I like to keep things simple. My recommendation to people training for mountaineering is to include at least one long hike each week. How long? Well, your summit day will start in the middle of the night and you may well be climbing and descending for upwards of 14 hours. So, it’s important to condition yourself to be on your feet for that long.

Practically, if you live near Mt. Rainier you can train on any number of long steep hikes in the area, or even hike up to Camp Muir for practice. One big weekly hike is my minimum, but if you can you’ll benefit from back-to-back days of hiking, or maybe even sneak in a midweek hike as well. A man I know was out of shape with only two months to go before his Mt. Rainier climb. He realized he was behind on his training, took vacation time, and hiked Mt. Si, near Seattle, eighteen times in one month! I thought it was a bit extreme and advised him to pay attention to his knees and joints, but he did it — and he made it all the way to the summit and back.

If you live in a flat city you can still get in good training. I’ve done urban hikes before to get in condition for a climb. Once, when I was getting ready for a big climb while I lived in London, UK, I would put a metal weight and some water-bottles in a pack and walk all day, stopping at restaurants to eat and visiting the occasional museum. It’s fun and a great way to see a city. This winter in Seattle I set a goal of walking three miles each day. It’s great for the feet, legs, and back and it’s easy to plan to walk places instead of driving. Arrive at work or a friend’s house and tell them you walked — you’ll inspire them too! It might be tough to get elevation in flatter regions, but don’t let that stop you from building endurance.

If you can’t hike or walk anywhere then bicycling is about as close as you can get to hiking as an alternative. It works the same energy-systems and many of the same muscle groups. If you do a lot of cycling, also do jumping exercises, perhaps even get a jump-rope and use it for a few minutes every day. That will help with the coming-down part of the climb. Cycling builds strength and endurance but doesn’t replicate the impact of stepping down. The combination of both is very effective. 

Top three tips for June:

1. Make the main thing - the main thing: It’s a long endurance climb with a 35lb pack. Go long in training and wear a pack when possible.
2. Back up your long hikes with shorter sessions: 60 - 90 minute efforts at a higher intensity. Stairs, stair-master, elliptical machine, cycling or spin class are good options. 
3. Mix up your training: Some long and steady ‘conversational’ pace sessions; some hard and steady; some intervals of 1 minute of very hard effort followed by 1 minute of rest.

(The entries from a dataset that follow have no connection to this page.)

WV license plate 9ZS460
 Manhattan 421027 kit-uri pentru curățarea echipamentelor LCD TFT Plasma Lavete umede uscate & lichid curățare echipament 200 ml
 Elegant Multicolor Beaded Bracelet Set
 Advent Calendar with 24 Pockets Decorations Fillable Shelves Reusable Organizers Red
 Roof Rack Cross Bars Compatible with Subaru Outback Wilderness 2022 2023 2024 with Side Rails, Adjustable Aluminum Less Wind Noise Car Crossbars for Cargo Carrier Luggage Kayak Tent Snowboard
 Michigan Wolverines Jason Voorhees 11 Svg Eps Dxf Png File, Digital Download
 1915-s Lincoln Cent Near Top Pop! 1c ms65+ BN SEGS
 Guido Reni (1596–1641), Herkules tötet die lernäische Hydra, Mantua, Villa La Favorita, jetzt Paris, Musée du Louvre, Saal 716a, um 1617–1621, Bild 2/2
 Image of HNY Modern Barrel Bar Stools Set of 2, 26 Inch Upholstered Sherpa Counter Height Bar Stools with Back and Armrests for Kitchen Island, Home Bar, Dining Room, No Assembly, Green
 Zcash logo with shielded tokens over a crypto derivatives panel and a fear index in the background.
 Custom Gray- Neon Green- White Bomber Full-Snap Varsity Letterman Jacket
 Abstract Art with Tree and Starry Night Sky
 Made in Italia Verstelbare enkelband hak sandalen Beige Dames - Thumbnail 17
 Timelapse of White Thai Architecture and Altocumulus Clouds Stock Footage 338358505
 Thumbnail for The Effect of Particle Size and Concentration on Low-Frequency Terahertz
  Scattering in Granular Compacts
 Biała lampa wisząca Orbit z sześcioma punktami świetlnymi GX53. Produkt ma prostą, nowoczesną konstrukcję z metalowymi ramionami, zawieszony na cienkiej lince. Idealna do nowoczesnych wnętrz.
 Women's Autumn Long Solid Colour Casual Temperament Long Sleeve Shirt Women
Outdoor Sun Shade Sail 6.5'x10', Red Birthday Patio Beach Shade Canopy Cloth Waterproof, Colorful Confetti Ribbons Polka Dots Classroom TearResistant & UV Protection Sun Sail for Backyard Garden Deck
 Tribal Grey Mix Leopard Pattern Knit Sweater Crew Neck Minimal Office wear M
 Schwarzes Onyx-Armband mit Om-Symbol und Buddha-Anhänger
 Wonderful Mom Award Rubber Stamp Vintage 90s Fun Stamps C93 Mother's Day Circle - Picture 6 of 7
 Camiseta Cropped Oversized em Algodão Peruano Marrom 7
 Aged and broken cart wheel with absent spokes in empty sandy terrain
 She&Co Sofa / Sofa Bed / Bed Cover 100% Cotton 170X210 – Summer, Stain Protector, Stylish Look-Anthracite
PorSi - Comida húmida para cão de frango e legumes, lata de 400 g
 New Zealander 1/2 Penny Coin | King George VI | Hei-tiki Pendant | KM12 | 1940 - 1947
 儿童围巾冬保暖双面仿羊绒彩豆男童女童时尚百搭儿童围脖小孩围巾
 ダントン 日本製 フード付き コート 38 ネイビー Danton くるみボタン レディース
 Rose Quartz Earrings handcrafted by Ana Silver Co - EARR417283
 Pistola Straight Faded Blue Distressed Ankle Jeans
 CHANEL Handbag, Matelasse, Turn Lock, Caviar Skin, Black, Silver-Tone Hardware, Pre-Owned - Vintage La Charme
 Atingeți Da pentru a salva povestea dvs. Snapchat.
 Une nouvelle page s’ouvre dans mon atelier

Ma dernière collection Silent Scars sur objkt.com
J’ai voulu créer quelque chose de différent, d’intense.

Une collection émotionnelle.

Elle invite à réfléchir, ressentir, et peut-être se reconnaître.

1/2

A parting thought: I used to get close to a climb and worry that I hadn’t done enough of this or of that. Right now you’ve done what you’ve done. Its best to take out a calendar, figure out how many long hikes you can fit in, block out those time and then use the other days for shorter sessions. Take a day or two of rest as well, you’ll benefit from doing so. As the guides will tell you on the mountain, don’t worry about tomorrow or next week, just focus on now. Focus on how you can complete — and enjoy — today’s workout. You’ve trained hard and what you do now will make a difference on the mountain.

Good luck.

John Colver
Author of Fit By Nature by Mountaineers Books.

For more information please see our resources for mountaineering fitness and training.

Comments (2)

Treadmills and stair machines only work your legs against the earth’s gravity, not your entire body’s weight or even the weight in the pack.  They also don’t really do much for the downstroke of the leg, just the upstroke.  It’s Newtonian mechanics, guys.

Posted by: borisjimski on

Bodyworks, which partners with AAI, says that one needs to be able to go on a treadmill at 15 degrees for 45 minutes at 3.5 mph with a 40-pound pack in order to be in sufficient shape to climb Mt. Ranier.  There is no way I can do that.  Are they exaggerating?  On a good day I can go at 15 degrees at 2.5 mph for 45 min with no weight.